DATA SUPPLIED section start
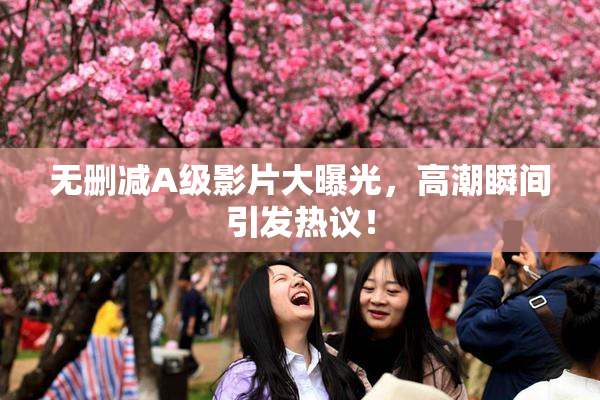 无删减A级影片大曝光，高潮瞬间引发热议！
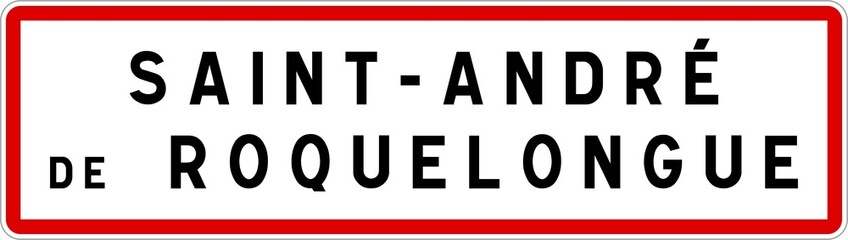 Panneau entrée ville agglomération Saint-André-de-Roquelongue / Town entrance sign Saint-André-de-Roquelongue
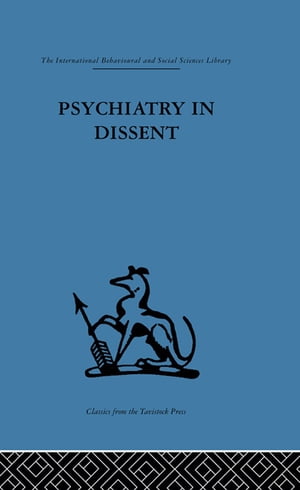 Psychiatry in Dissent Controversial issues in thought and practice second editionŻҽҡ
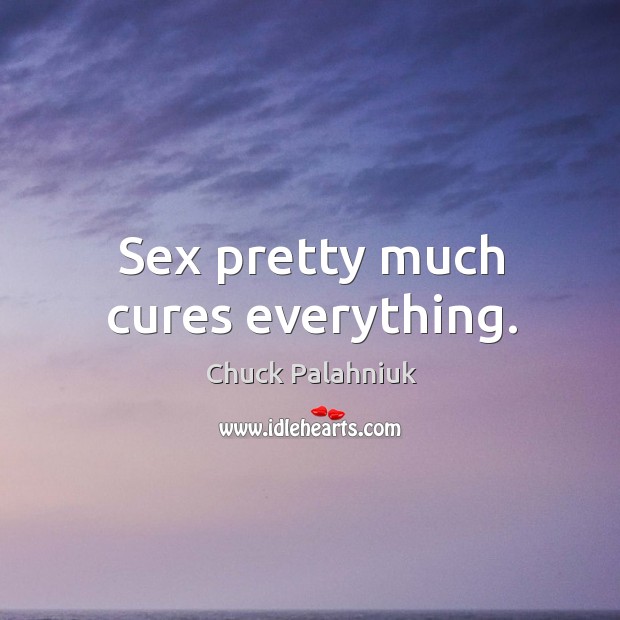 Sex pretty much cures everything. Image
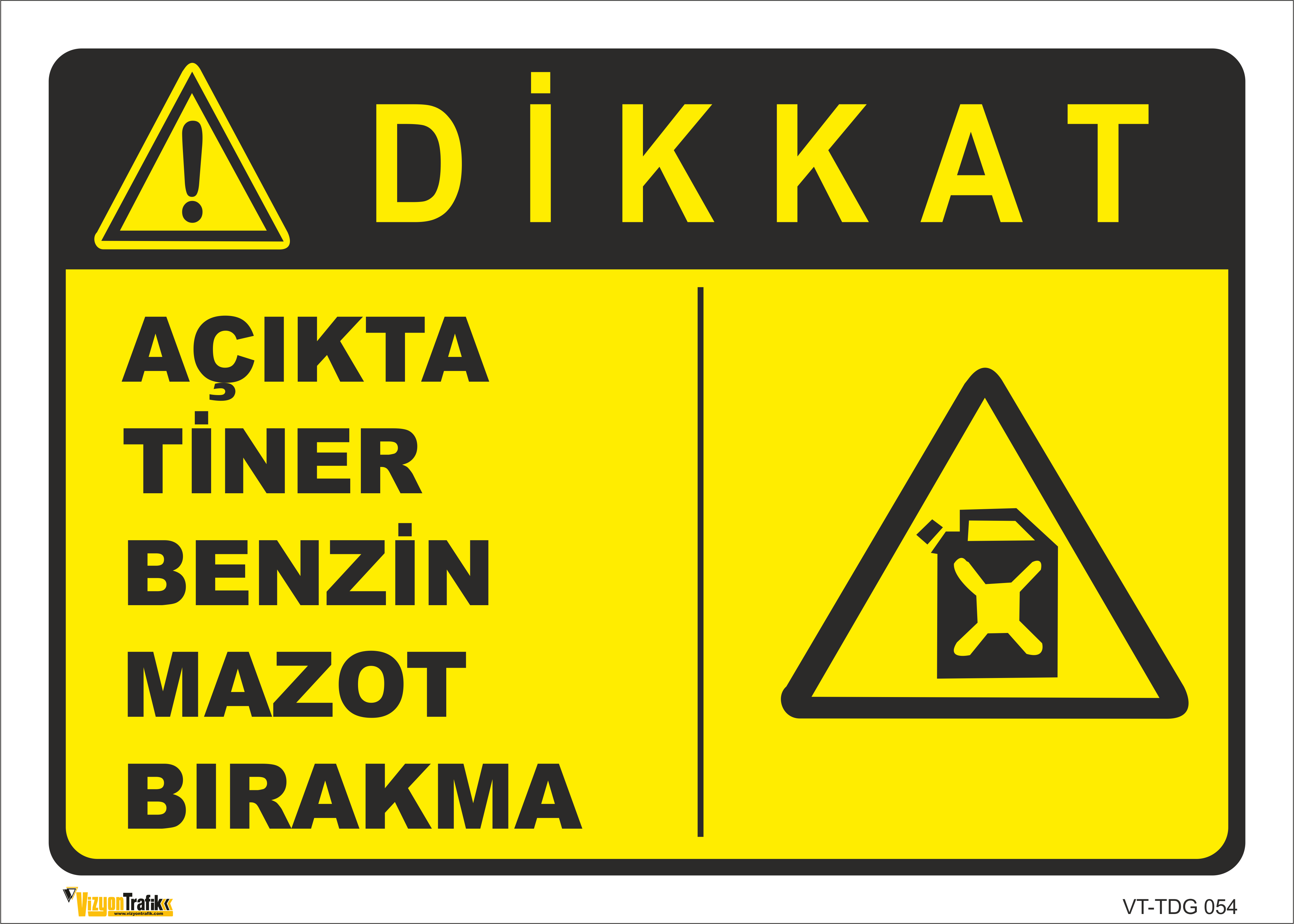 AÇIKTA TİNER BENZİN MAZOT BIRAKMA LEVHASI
DATA SUPPLIED section end
DATA SUPPLIED section start
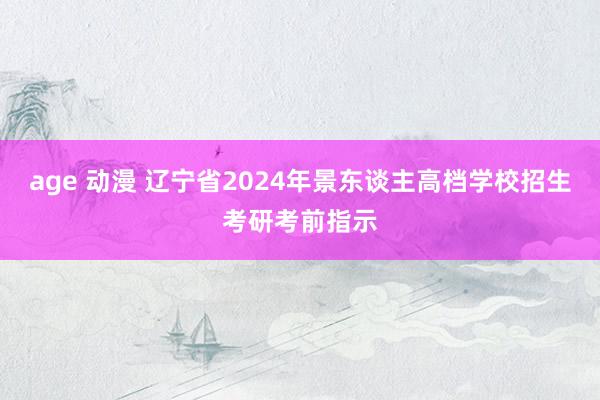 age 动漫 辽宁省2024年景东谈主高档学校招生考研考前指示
DATA SUPPLIED section end
DIRECTIONS FOR THIS TASK:
What you write out is the stretch of entries from the line containing "Psychiatry in Dissent" to the line containing "AÇIKTA TİNER BENZİN MAZOT BIRAKMA LEVHASI", word for word, with both end lines and no pictures.

WRITTEN SOLUTION:
 Psychiatry in Dissent Controversial issues in thought and practice second editionŻҽҡ
 Sex pretty much cures everything. Image
 AÇIKTA TİNER BENZİN MAZOT BIRAKMA LEVHASI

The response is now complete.